Et le socialiste réfléchit également à une autre piste pour augmenter l’acceptabilité des grands mâts : il a demandé aux gestionnaires de réseau d’étudier la possibilité d’octroyer une réduction de facture énergétique aux ménages vivant dans le voisinage d’éoliennes.

3 Petit éolien. Les petites éoliennes (30 mètres de haut avec un axe de rotation vertical), c’est le « dada » du ministre Carlo Di Antonio (CDH), en charge de l’Aménagement du territoire. La semaine dernière, ce dernier affichait dans nos colonnes son ambition d’en installer 10.000 dans les communes wallonnes. Et le ministre CDH est convaincu de la rentabilité de cette filière.

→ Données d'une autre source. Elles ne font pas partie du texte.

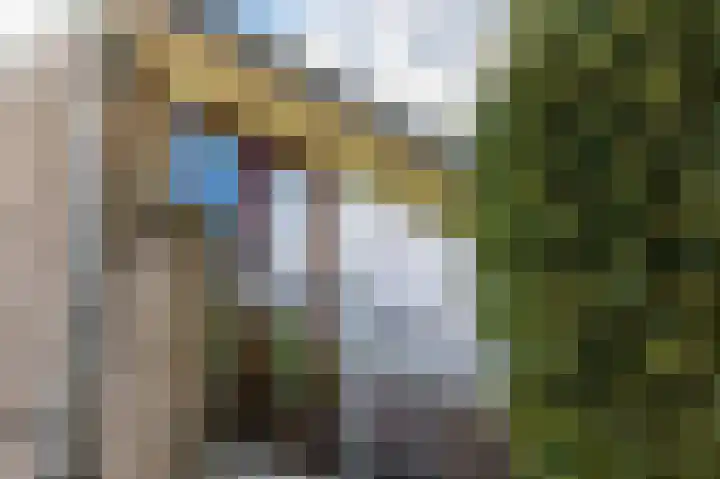 Rembrandtlaan 225 Sliedrecht thumbnail 7
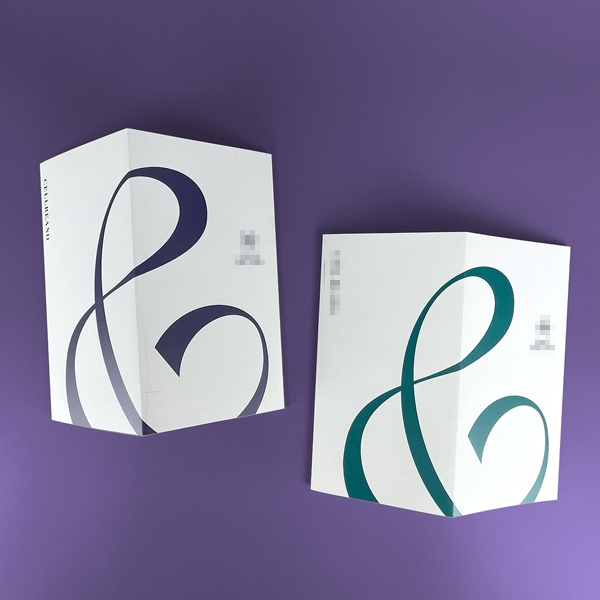 ***의원 리플릿 2종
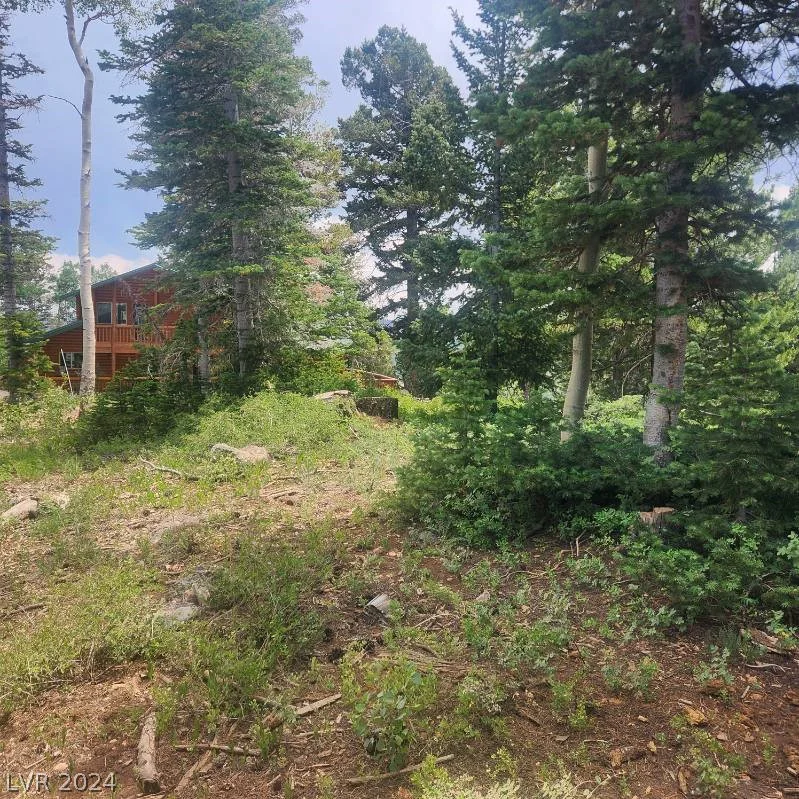 1272 Aspen, Brian Head, UT 84719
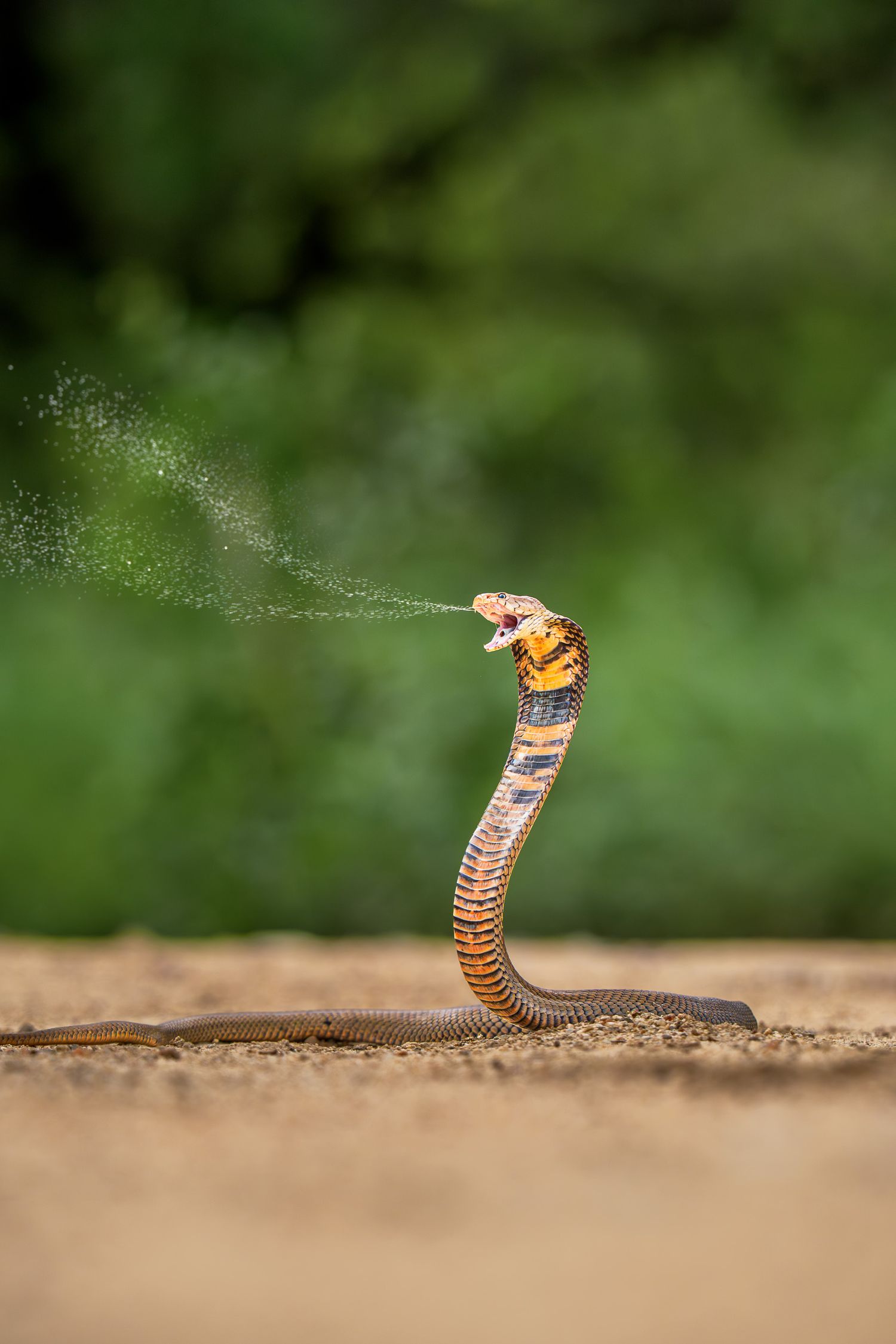 A spitting cobra rears up on sandy ground, spraying venom, with a vibrant green background.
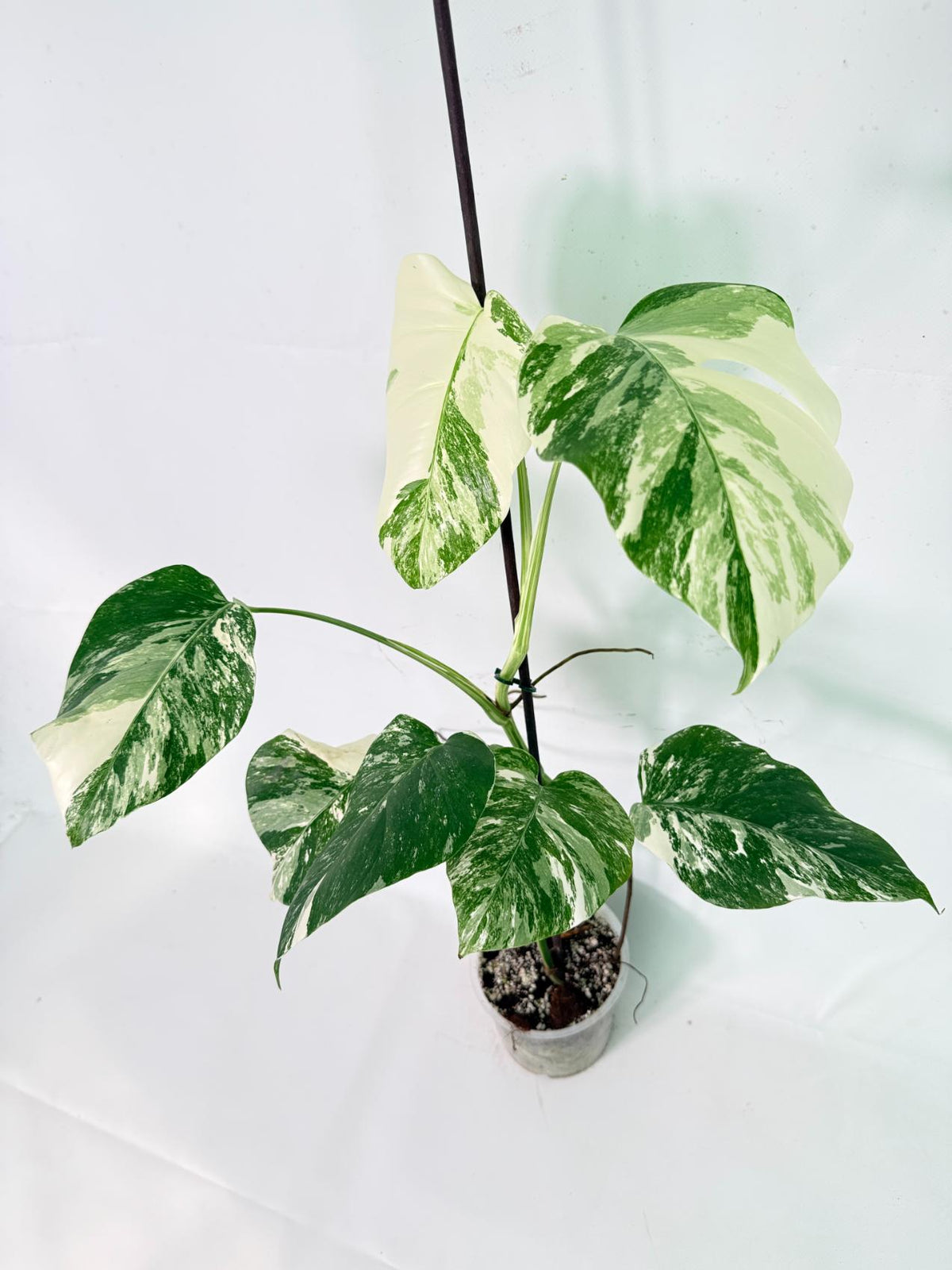 Monstera Albo Variegata XL 01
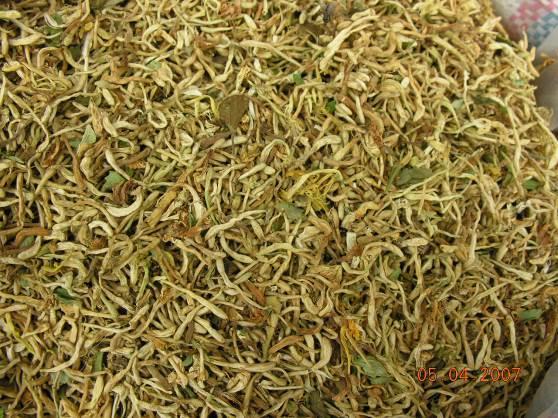 金银花 药材性状图鉴 资料图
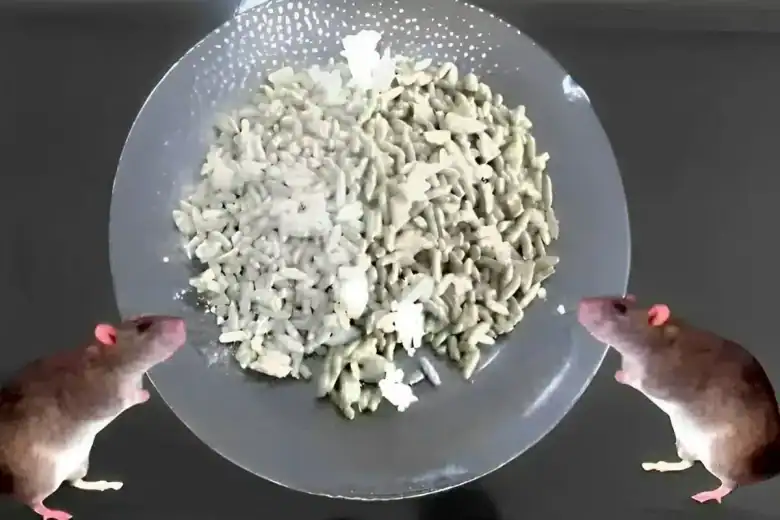 como acabar com ratos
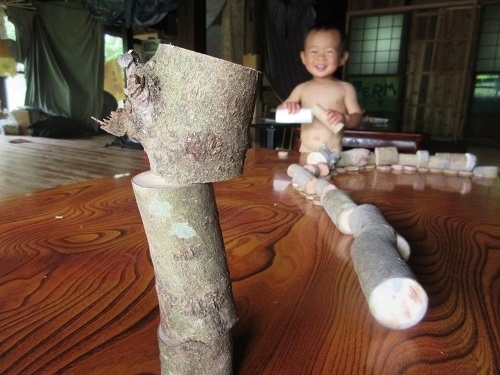 IMG_7067tsumiki_DIY.JPG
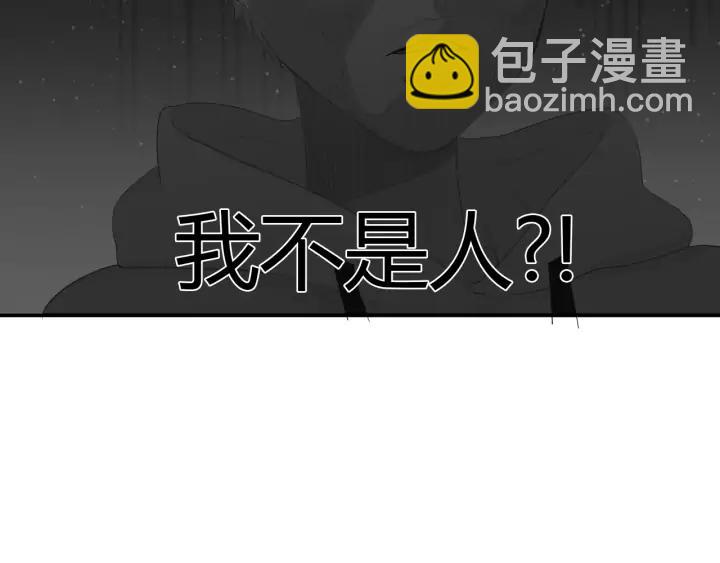 第53话 她的心意？(1/2)-第56话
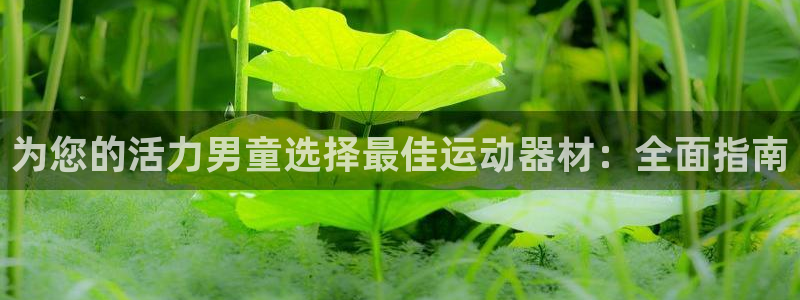 意昂3娱乐40996：为您的活力男童选择最佳运动器材：全面指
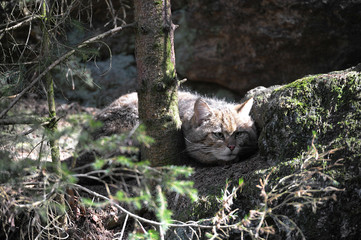 Wildkatze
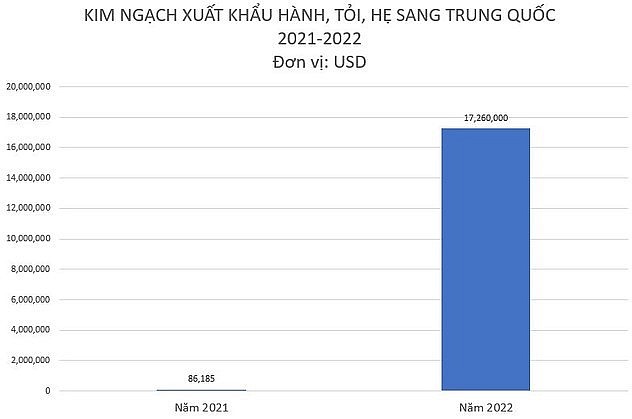 Xuất khẩu nhóm mặt hàng hành, tỏi sang Trung Quốc năm 2022 tăng đột biến 19.935%.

Paul Furlan, silencieux jusqu’ici, s’est enfin prononcé. Il se dit « moins enthousiaste ». Selon lui, le petit éolien « doit être évoqué » mais restera « une filière d’appoint plutôt marginale ». Un argument ne laisse toutefois pas Paul Furlan insensible : l’emploi. Car la société Fairwind se dit prête à développer du petit éolien en Wallonie sans le moindre subside. « On ne va pas faire de la Wallonie un jardin de petites éoliennes. Un certain nombre d’études indiquent que cette filière serait la plus chère en termes de soutien public. Mais si le producteur de Fairwind, avec qui j’ai pris rendez-vous, parvient à me démontrer le contraire, je reverrai ma position. »

4 Biomasse. Le ministre est moins disert sur la biomasse, mais il s’engage tout de même à intégrer cette filière dans sa réflexion. « La filière est certes coûteuse, mais cette énergie est stockable et elle dépend peu des circonstances extérieures comme le vent et le soleil. Le défi, c’est l’injection sur le réseau de la production d’électricité et de chaleur. »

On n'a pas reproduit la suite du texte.